Print the data that follows exactly as it stands, from its first line through the line containing "Back view of", and stop there.

::: DATA PROVIDED :::

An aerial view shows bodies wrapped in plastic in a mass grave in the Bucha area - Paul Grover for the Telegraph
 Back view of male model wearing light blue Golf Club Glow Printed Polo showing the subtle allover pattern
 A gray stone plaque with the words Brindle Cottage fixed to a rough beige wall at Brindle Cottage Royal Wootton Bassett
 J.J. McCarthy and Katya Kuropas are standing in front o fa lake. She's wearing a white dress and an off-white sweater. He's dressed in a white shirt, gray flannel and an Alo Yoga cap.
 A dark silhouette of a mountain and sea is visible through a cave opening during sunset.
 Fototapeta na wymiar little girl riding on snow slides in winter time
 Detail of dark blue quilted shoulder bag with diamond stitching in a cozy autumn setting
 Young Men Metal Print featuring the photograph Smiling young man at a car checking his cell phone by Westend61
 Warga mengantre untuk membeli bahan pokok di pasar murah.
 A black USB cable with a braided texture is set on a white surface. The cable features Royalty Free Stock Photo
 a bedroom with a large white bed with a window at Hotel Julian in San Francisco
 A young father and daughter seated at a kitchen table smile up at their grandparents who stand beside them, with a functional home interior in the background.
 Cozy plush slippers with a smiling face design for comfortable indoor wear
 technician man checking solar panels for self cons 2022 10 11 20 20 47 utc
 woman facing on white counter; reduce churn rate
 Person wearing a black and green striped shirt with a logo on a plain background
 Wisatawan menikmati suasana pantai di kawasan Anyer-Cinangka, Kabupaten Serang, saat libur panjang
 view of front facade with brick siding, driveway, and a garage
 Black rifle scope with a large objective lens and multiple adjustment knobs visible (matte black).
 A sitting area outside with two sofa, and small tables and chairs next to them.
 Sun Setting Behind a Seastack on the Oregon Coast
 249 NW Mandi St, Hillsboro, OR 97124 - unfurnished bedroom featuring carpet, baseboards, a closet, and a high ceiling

:::

*REPLY*
An aerial view shows bodies wrapped in plastic in a mass grave in the Bucha area - Paul Grover for the Telegraph
 Back view of male model wearing light blue Golf Club Glow Printed Polo showing the subtle allover pattern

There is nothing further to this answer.